For the mollusks, we ordered the chef’s selection and I found the descriptions amusing. The island creek oysters were described as firm and beautiful while the ones from peter’s point were plump and virtuous. Others were buttery or silken or full-bodied. And you know what? I honestly could tell the difference between some of the oysters. Not to the point where I could sound off these descriptions sounding like a kind of sommelier of oysters, but some were definitely more briny and salty than others.
Portraits of fat pigs decorated the walls, and their booths looked like boxed-in cars on a train. It was busy and lively, and I wish we had time to stop at their market across the street.
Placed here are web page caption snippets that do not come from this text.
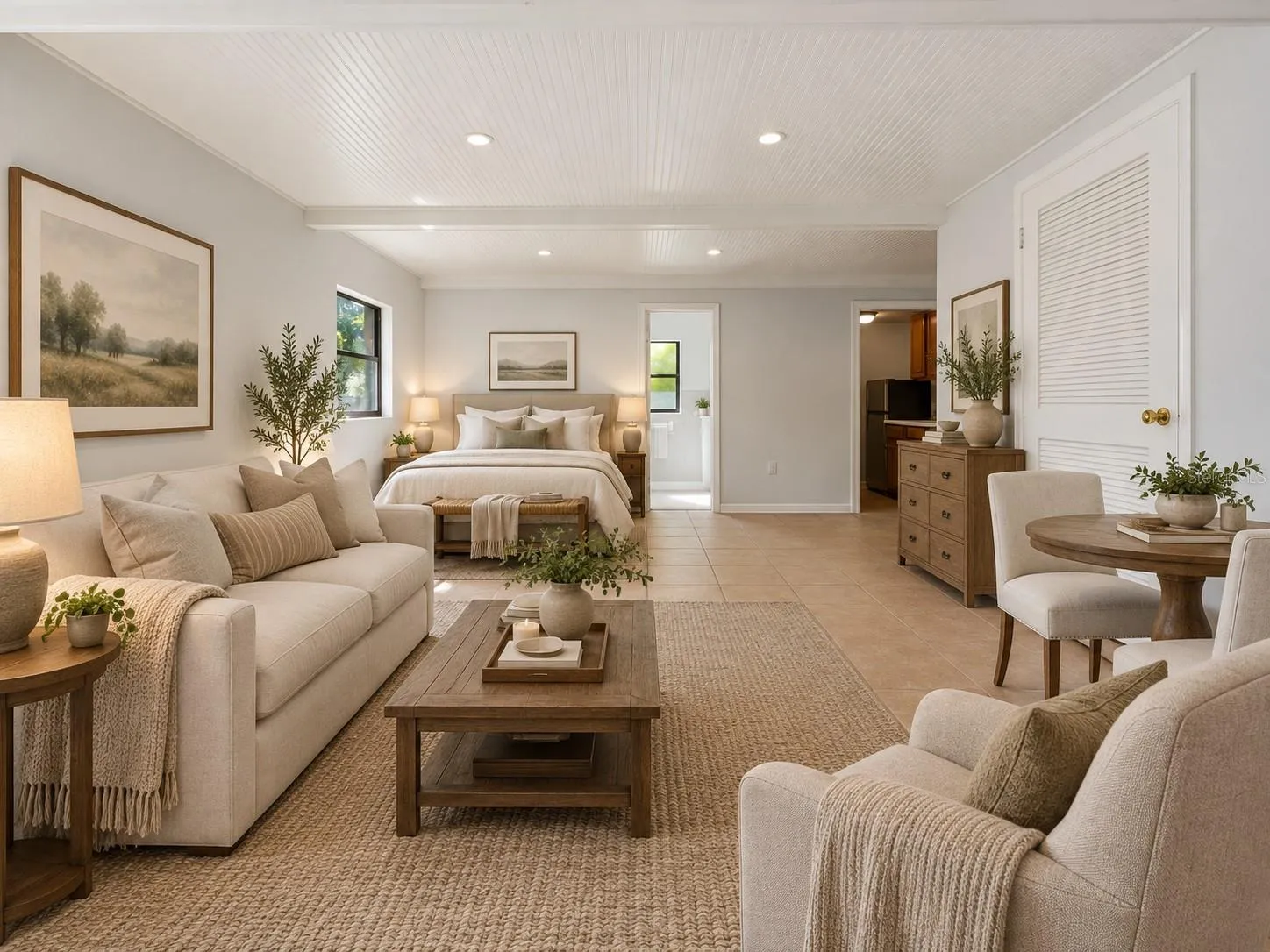 In-law apartment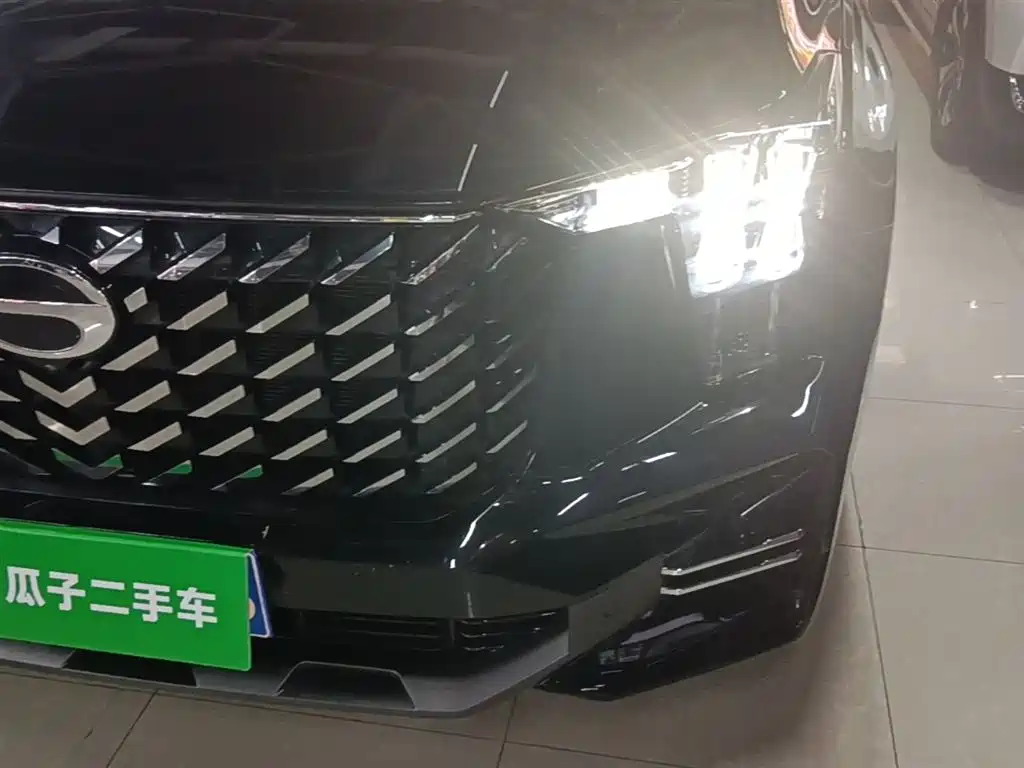 GAC Trumpchi Trumpchi GS8 2024 Navigator Series 2.0TGDI 2WD Luxury Smart Connect Edition фото 24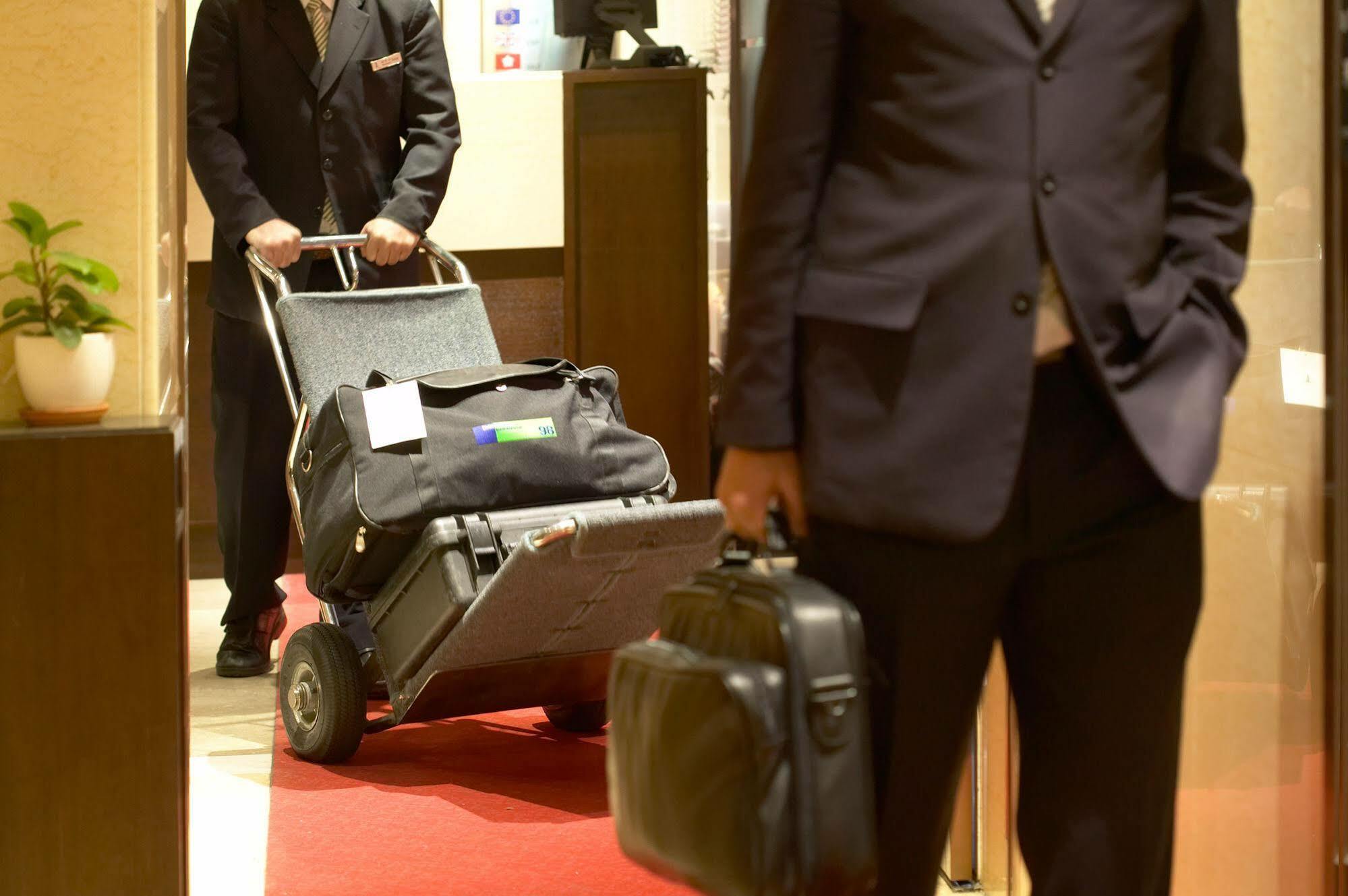 Landmark Inn New Taipei City Eksteriør bilde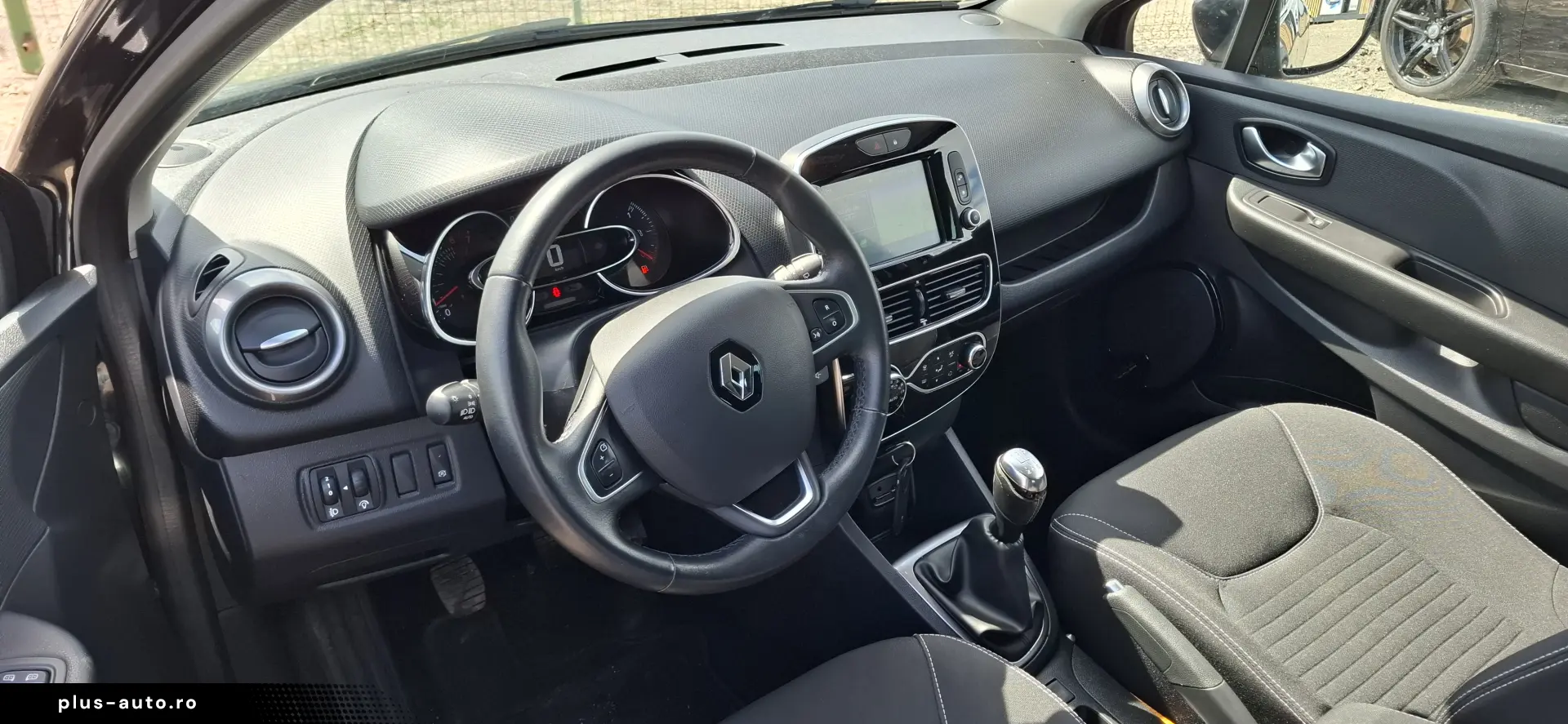 Renault Clio  Euro 6  Benzina  202.000 km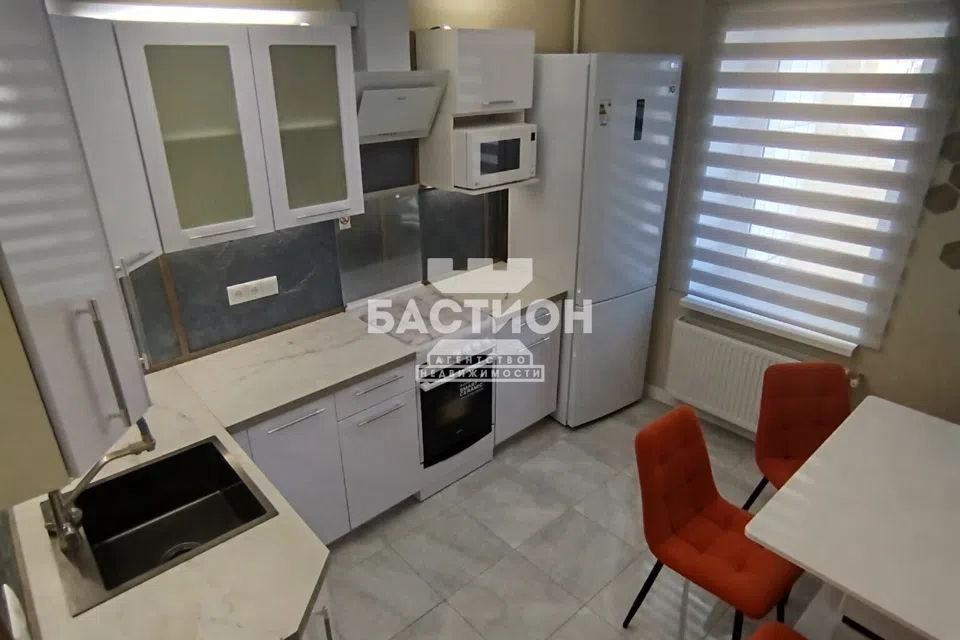 Продаётся 2-комнатная квартира, 52 м²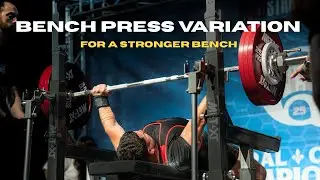 Why your Bench is Stuck (Fix it With These Variations)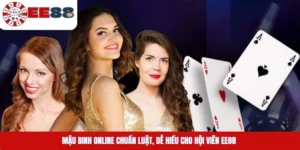 Mậu Binh Online Chuẩn Luật, Dễ Hiểu Cho Hội Viên EE88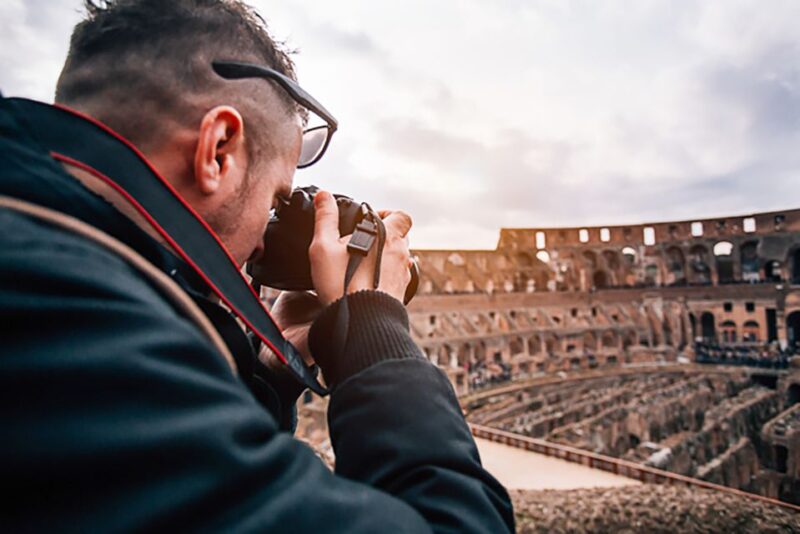 Rome: Guided Tour of Colosseum, Roman Forum & Palatine Hill - Discover the Rich Heritage of Ancient Rome with a Guided Tour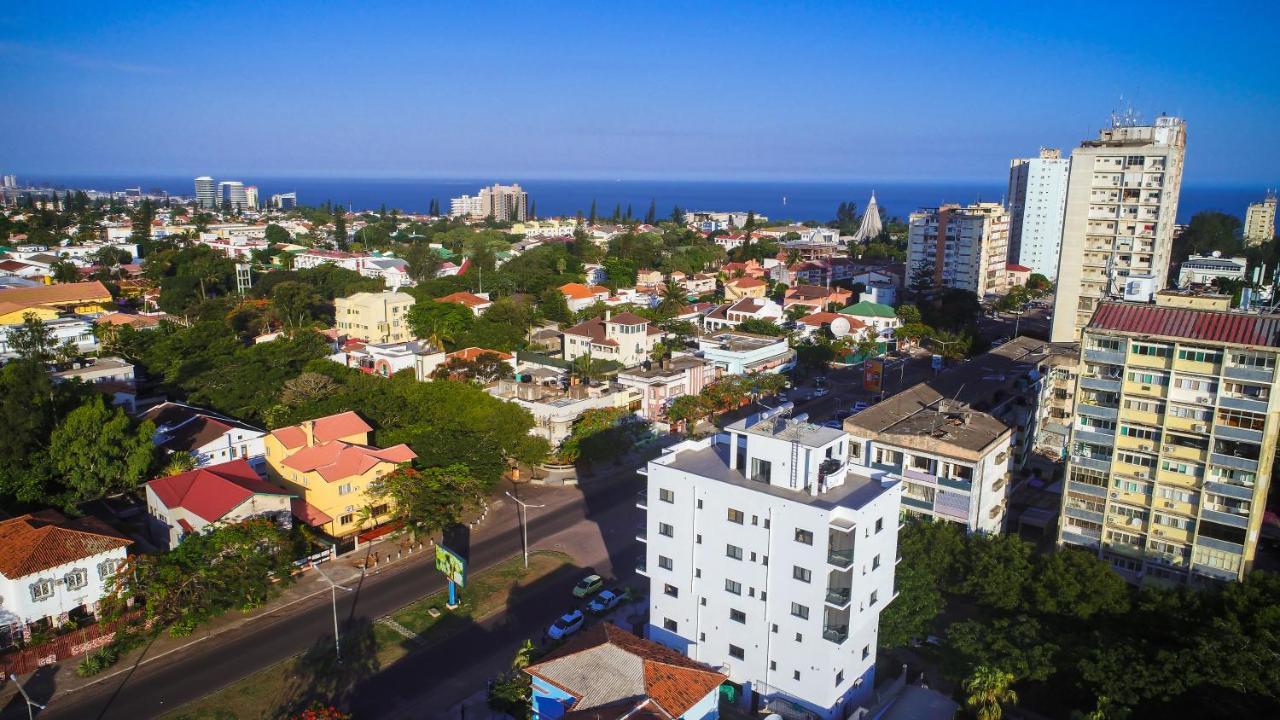 Hotel Kapital Maputo Luaran gambar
For dessert, there were ice cream cookie sandwiches with candles and the best cheesecake with hazelnuts and burnt honey ice cream. Danny also had something called Kyle’s after-pork digestif. Besides the amazing food, it was also my most memorable experience at a communal table. The girls next to us chatted with Rich and offered me fries and compliments on my lipstick. They asked us how we liked our food. The guys on the other side of Danny wished them a happy birthday and chatted with Kathy.
Then we went to Scofflaw, where the world’s nicest “bouncer” checked our IDs and later wished us a safe trip home. We didn’t stay for the midnight cookies (next time!) but the cocktails were great. Then there was something called the Boiler Room, and a bar serving Malört. One night there was a bar offering craft beer and free arcade games. There was Terminator. There were aliens. There was kung fu (and old WWF matches on TV).
And then, there was a stop at a Polish grocery store to pick up kielbasa on our way to the airport. By Sunday evening, we were home.
But oh Chicago, there was so much more to do. Thanks to all our friends who came and hung out with us! I can’t wait to go back.